-- Task data follows --
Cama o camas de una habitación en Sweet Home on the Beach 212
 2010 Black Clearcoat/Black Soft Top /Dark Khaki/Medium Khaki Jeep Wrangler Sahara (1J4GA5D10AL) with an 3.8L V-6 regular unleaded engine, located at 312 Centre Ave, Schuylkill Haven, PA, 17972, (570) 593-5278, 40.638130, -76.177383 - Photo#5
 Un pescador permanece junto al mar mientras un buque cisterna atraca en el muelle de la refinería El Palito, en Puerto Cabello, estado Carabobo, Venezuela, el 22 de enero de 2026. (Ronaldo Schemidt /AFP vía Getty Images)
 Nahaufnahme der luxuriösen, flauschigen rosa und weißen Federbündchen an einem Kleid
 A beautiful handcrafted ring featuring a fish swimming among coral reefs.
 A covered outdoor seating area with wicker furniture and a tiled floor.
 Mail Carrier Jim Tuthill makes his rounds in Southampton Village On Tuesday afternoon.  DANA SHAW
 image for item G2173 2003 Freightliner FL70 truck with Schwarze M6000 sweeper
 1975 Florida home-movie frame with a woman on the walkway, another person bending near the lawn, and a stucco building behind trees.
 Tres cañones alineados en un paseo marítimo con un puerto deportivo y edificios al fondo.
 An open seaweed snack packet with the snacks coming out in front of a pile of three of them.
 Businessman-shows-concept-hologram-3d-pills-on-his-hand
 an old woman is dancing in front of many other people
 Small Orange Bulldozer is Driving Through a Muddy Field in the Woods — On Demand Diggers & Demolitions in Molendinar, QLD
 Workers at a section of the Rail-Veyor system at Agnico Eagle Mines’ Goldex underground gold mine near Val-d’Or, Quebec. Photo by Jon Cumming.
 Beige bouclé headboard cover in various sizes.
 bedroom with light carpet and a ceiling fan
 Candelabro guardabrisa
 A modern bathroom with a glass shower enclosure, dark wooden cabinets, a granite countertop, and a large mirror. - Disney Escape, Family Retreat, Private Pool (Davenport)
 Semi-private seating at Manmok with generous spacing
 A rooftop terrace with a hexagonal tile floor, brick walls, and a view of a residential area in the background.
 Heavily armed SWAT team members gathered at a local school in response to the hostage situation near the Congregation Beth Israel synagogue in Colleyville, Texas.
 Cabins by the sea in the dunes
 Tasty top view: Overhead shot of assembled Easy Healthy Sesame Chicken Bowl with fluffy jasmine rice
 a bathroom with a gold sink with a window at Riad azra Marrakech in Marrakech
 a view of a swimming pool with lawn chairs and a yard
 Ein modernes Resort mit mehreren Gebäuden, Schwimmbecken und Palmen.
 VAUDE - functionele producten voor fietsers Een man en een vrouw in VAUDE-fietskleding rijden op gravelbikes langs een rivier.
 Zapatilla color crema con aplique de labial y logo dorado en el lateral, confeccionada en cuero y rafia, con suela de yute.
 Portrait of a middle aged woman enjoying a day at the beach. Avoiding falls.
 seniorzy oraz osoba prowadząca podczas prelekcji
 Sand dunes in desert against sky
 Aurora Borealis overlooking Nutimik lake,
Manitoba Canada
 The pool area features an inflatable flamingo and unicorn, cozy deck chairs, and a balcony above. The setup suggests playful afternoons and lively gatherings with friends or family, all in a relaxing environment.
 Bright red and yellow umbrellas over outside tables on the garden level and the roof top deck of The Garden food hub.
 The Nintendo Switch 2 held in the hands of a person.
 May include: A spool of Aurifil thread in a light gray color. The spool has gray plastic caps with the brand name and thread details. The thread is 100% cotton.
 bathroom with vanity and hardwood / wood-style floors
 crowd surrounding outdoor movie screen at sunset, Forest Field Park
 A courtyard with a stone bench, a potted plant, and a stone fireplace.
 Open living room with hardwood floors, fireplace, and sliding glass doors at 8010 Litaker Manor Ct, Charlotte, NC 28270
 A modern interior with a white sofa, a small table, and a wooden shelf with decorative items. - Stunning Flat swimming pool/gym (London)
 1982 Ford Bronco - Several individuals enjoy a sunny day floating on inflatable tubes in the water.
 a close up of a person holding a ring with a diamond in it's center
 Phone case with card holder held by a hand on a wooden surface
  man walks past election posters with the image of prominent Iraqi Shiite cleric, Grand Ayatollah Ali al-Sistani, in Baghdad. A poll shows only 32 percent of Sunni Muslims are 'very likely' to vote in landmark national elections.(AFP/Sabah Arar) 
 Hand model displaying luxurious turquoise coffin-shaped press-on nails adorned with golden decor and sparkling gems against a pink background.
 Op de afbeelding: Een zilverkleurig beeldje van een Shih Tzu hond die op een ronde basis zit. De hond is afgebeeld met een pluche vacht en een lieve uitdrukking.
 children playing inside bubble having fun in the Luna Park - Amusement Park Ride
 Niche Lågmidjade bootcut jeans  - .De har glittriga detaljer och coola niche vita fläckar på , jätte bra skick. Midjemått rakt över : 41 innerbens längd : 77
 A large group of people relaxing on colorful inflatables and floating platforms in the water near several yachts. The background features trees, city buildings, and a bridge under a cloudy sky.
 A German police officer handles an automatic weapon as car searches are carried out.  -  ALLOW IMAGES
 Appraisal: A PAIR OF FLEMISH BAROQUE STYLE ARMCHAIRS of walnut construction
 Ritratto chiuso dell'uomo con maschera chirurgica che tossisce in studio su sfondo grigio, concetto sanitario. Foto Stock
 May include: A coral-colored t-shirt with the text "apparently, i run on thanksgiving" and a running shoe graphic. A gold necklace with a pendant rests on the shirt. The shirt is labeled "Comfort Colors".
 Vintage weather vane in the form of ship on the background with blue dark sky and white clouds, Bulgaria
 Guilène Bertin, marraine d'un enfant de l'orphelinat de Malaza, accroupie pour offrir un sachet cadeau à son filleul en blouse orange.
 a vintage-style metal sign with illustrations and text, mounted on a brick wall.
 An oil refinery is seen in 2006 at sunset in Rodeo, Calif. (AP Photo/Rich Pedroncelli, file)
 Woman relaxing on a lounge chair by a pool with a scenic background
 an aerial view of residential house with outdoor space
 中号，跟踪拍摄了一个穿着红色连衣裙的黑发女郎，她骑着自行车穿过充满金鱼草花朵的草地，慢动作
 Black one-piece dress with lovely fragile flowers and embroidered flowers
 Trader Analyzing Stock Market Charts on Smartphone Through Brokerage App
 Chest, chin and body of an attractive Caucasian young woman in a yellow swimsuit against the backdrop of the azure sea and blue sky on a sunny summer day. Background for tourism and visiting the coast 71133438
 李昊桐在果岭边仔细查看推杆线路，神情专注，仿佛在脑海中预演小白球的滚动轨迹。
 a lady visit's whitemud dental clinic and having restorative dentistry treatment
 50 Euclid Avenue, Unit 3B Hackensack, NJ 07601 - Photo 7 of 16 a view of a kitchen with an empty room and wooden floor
-- Task data concluded --
▶ [What this task involves]: Would you print, exactly as written, every line above from the one holding "2010 Black Clearcoat/Black" through the one holding "Tres cañones alineados", with both included and no other lines?

▶ [Task answer]:
 2010 Black Clearcoat/Black Soft Top /Dark Khaki/Medium Khaki Jeep Wrangler Sahara (1J4GA5D10AL) with an 3.8L V-6 regular unleaded engine, located at 312 Centre Ave, Schuylkill Haven, PA, 17972, (570) 593-5278, 40.638130, -76.177383 - Photo#5
 Un pescador permanece junto al mar mientras un buque cisterna atraca en el muelle de la refinería El Palito, en Puerto Cabello, estado Carabobo, Venezuela, el 22 de enero de 2026. (Ronaldo Schemidt /AFP vía Getty Images)
 Nahaufnahme der luxuriösen, flauschigen rosa und weißen Federbündchen an einem Kleid
 A beautiful handcrafted ring featuring a fish swimming among coral reefs.
 A covered outdoor seating area with wicker furniture and a tiled floor.
 Mail Carrier Jim Tuthill makes his rounds in Southampton Village On Tuesday afternoon.  DANA SHAW
 image for item G2173 2003 Freightliner FL70 truck with Schwarze M6000 sweeper
 1975 Florida home-movie frame with a woman on the walkway, another person bending near the lawn, and a stucco building behind trees.
 Tres cañones alineados en un paseo marítimo con un puerto deportivo y edificios al fondo.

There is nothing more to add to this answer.